Essa reflexão sobre a diversidade realizadora na prosa de Sontag é valiosa porque tanto a leitura de seus ensaios quanto a sua biografia, escrita por Benjamin Moser, passam a ideia de um gênio que atuava em dispersão, confusamente espalhando seu brilhantismo aqui e ali, sem nunca se ajustar a um funcionamento previsível ou sistemático. Pois a verdade é que ela não pode ter sido o tempo inteiro assim, caso contrário seus romances ficariam pela metade, ou seriam — como tanta coisa que se chama romance — muito mais caleidoscópios do que narrativas íntegras.

Sontag (como também Perec, aliás) viajou bastante, morou em diversos lugares e deve ter tido uma rotina caótica em vários aspectos. Mas conseguiu, durante períodos específicos, manter um eixo de concentração produtiva que lhe possibilitou a escrita de histórias extensas. Agora, juntos nessa biblioirmandade, creio que ambos se encontram num novo tipo de esfera; se um dia se conheceram de fato, não sei, mas o importante é que suas ideias se tangenciam profundamente, e os vejo estabelecendo diálogos sobre questões viscerais — a dor das guerras, o nazismo na história pessoal de Perec, Sarajevo na experiência de Sontag, e todo o esforço que fizeram durante décadas para, com seu trabalho, associar arte e reflexão, beleza e lógica.

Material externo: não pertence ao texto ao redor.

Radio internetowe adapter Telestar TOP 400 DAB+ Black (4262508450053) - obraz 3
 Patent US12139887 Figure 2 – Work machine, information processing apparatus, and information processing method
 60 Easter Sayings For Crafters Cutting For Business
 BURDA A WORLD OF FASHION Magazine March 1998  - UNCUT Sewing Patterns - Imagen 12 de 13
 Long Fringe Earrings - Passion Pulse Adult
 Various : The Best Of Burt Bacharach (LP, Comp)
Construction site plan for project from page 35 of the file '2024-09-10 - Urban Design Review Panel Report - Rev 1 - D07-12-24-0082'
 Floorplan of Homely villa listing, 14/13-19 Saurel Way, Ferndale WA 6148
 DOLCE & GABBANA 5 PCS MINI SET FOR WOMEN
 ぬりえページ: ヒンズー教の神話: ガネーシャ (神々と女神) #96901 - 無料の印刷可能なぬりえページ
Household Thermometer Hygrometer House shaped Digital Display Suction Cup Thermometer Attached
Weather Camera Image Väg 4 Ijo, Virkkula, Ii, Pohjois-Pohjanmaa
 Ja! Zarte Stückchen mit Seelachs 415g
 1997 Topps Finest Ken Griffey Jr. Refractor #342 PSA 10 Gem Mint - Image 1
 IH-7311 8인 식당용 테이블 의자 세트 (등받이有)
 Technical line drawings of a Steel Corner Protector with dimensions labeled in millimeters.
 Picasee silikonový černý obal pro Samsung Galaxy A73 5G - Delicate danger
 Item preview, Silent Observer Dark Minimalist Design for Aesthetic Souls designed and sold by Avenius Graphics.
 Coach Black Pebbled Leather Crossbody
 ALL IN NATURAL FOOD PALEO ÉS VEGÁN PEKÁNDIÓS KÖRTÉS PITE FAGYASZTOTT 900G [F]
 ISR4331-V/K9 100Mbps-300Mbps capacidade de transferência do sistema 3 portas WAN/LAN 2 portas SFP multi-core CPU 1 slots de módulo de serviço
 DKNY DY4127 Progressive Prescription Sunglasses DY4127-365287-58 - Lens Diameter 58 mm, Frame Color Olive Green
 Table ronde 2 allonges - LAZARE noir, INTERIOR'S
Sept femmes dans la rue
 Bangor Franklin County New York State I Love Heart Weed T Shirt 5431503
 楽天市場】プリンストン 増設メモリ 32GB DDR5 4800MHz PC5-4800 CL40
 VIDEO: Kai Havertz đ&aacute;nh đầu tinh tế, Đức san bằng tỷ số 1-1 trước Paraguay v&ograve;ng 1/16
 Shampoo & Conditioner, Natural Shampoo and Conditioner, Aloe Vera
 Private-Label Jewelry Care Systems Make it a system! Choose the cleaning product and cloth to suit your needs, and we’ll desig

Sontag e Perec acreditavam na redenção pela racionalidade. Seus textos são inesgotáveis no esforço de instaurar essa argúcia do sentido que é talvez a maior potência de um escritor. Tudo poderia se condensar numa mîse en abyme; da mesma forma que um objeto colecionado leva a outro, um livro atrai um segundo livro, e outro, e mais outro, e outro, por intermináveis paralelos. Como já se disse a respeito d’A coleção particular, “por meio desse jogo de reflexos sucessivos, pelo encanto quase mágico que essas repetições cada vez mais minúsculas operam, a obra oscila num universo propriamente onírico, no qual seu poder de sedução se amplia até o infinito e no qual a precisão exacerbada da matéria pictórica, longe de ser seu próprio fim, deságua subitamente na Espiritualidade do Eterno Retorno”.

Tércia Montenegro

Escritora, fotógrafa e professora universitária. Dentre outros livros, publicou o romance Turismo para cegos (Companhia das Letras), vencedor do Prêmio Machado de Assis 2015, da Biblioteca Nacional.